With this in mind, Alex Graves and fellow researchers at DeepMind aimed to build a differentiable computer, which could put together a neural network and link it to external memory. The neural network would act like a CPU and with memory attached, the aim would be to learn programs (algorithms) from input and output examples.
Working Memory and Neural Networks
It is critical that neural networks remember some information to do more meaningful tasks, which resulted in the creation of recurrent neural networks (RNNs). These kind of neural networks can process variable-size inputs by adding a time dimension to the data. But RNNs really do not address the whole issue as they dont work with external memory. The Neural Turing Machine (NTM) tries to bind values to specific locations by designing neural networks that has an external memory.
It is desirable that intelligent systems have an external memory attached to it. Research has shown that we could have a model of working memory (also known as short term memory) that assists neural networks. The brain has a working memory which can be used to fetch and write data. The computer traditionally have cache which is temporary memory to quickly access information that can be called working memory.
Working memory is essentially a memory area with a limited capacity that is responsible for temporarily holding information available for processing. The research uses many other works that have studied memory from a computational neuroscience perspective. One example being the research carried out by A. Baddeley and fellow researchers in 2009 found that a “central executive” in the brain focuses attention and performs operations on data in a memory buffer.
Architecture of Neural Turing Machine
The NTM is built up using a neural network, called controller, and a 2D matrix called the memory bank or memory matrix. The NTM is largely inspired by the Turing machine. A Turing machine, invented by Alan Turing, is a mathematical model of computation that defines an abstract machine.

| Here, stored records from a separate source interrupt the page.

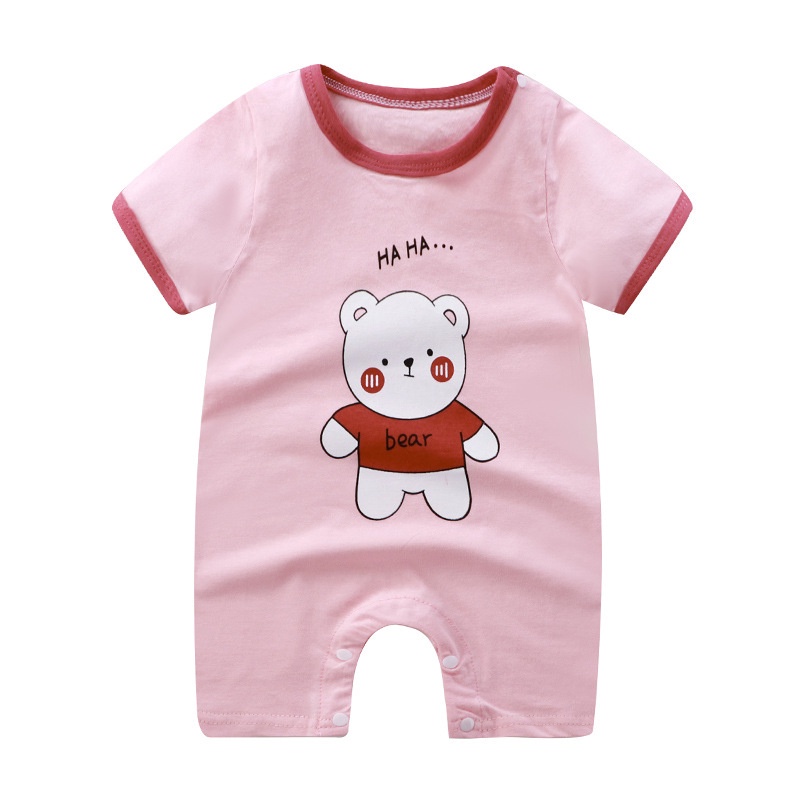 Luckycandy Bộ Áo Liền Quần Bằng Cotton Tay Ngắn Thoải Mái Cho Bé Sơ Sinh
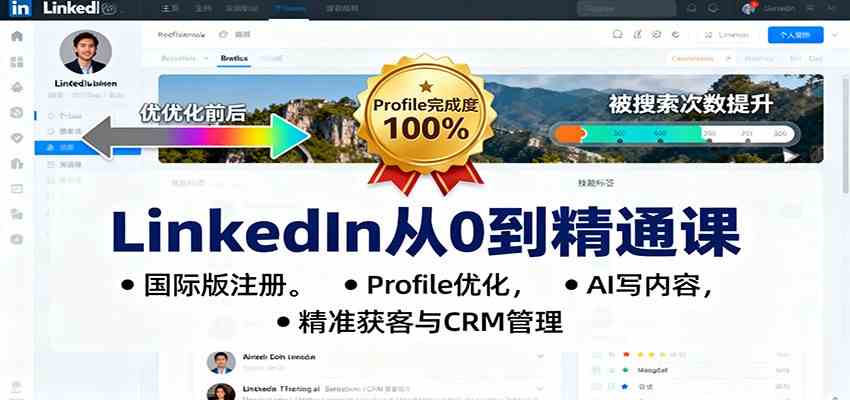 LinkedIn从0到精通课:国际版注册,Profile优化,AI写内容,精准获客与CRM管理-宇文网创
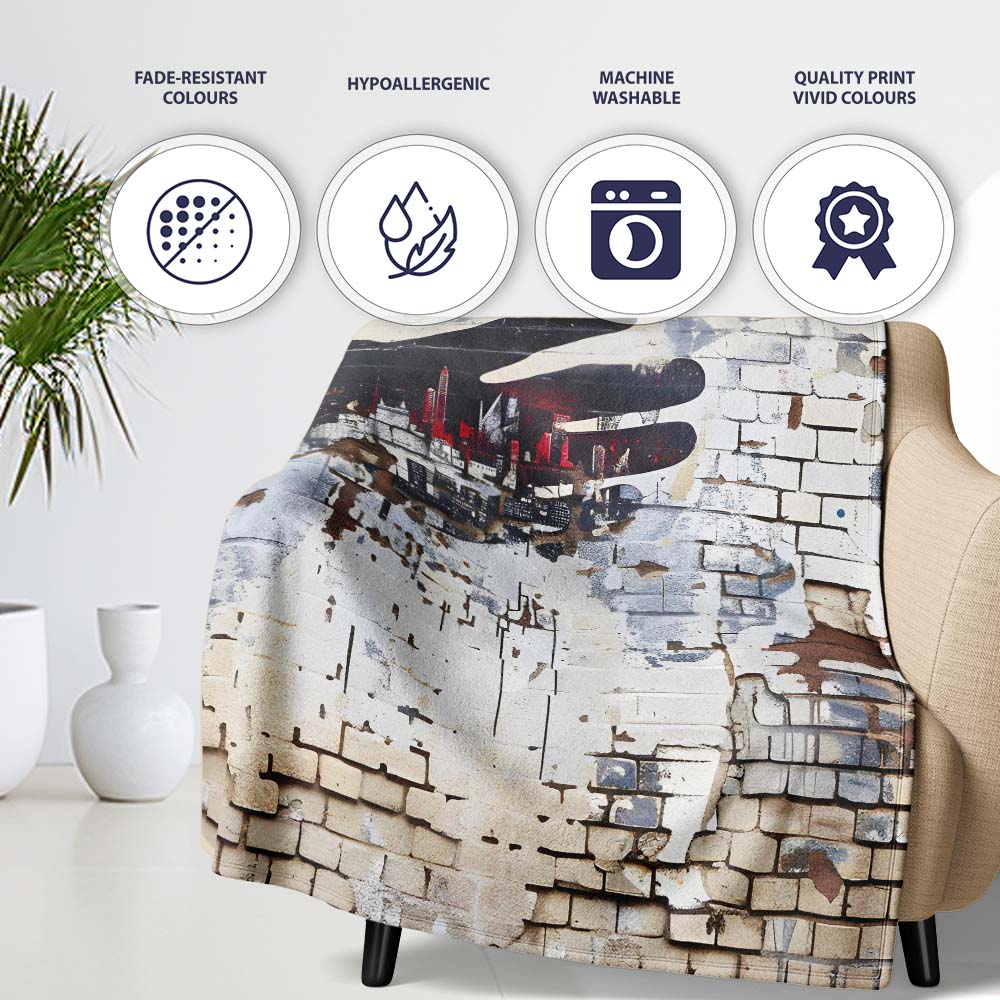 Black Hand Cityscape on Weathered Brick Wall, Comfortable Everyday Use, Stylish Room Decoration - Super Soft Fleece Blanket Bed Sofa Throw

This model can manipulates symbols on a strip of tape according to a table of rules.
NTM, like the CPU has the ability to read and write to memory. Like ordinary neural networks, the controller of the NTM interacts with external world with input and output vectors. But the special feature of NTM is that it can talk to external memory via read and write operations. By the Turing Machine analogy, the decision as to which address of memory NTM will interact with, is taken by “heads”. In the below image, the dotted line demarcates which parts of the architecture are “inside” the system as opposed to the outside world.

The memory is indexed (addressed) by the row and the column. The NTM is trained by an optimisation method such as stochastic gradient descent on backpropagation. The way NTM learns is that the controller produces weightings (vectors) over memory locations, of which we can calculate gradients.

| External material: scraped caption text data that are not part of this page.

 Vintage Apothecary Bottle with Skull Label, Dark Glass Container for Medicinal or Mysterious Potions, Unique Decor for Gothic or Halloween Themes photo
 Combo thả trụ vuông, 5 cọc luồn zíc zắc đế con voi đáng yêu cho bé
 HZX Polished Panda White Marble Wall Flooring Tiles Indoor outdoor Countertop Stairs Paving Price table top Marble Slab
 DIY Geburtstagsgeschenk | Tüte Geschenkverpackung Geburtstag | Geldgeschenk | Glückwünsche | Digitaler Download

Theory behind Neural Turing Machines
The NTM works on an attention model to understand from where to read and write. It uses the controller output to parameterise a distribution (called “weightings”) over the rows (locations) in the matrix. The weightings are defined by two main attention mechanisms: one based on content and one based on location.
Reading
The memory matrix is indexed with R rows and C elements per row at time T as Mt. An attention mechanism that tells the system from where to read. The attention mechanism will be a length-R normalised weight vector wt.
Writing
Writing is harder than reading, since writing involves two separate steps: erasing, and then adding. To erase old data, a write head uses a new vector, the length-C erase vector et, in addition to length-R normalised weight vector wt. The erase vector with the weight vector helps us specify which elements in a row should be affected.
Addressing
To get the weight vectors that decide how to read and write is very difficult. Each stage creates an intermediate weight vector that is passed. The first stage’ goal is to generate a weight vector based on how similar each row in memory is to length-C vector kt emitted by controller. The intermediary weight vector wt is the content weight vector. This vector allows the controller to select values similar to previously seen values. This is content-based addressing. The similarity measure used in NTM is cosine similarity.

Another positive scalar parameter, called key strength, is used to determine the concentration of content weight vector. This is an approach for content based approaches. Similarly there is also a provision for implementing memory (location) based addressing.
Experiments with NTM
The aim of the NTM is basically to learn programs given input and output data. Based on this, Alex Graves and other researchers built several experiments to test the capability of NTM.
Priority Sort is one such experiment, that was carried out to learn how to sort data. 20 binary vectors were each given a scalar “priority rating” drawn uniformly from the range [-1,1], and the target was to return the 16 highest priority vectors in the input. The NTM turned out to be successful in using priorities to approximate where each vector should be stored in order. Thus, to produce the 16 highest priority vectors, the memory locations were read sequentially.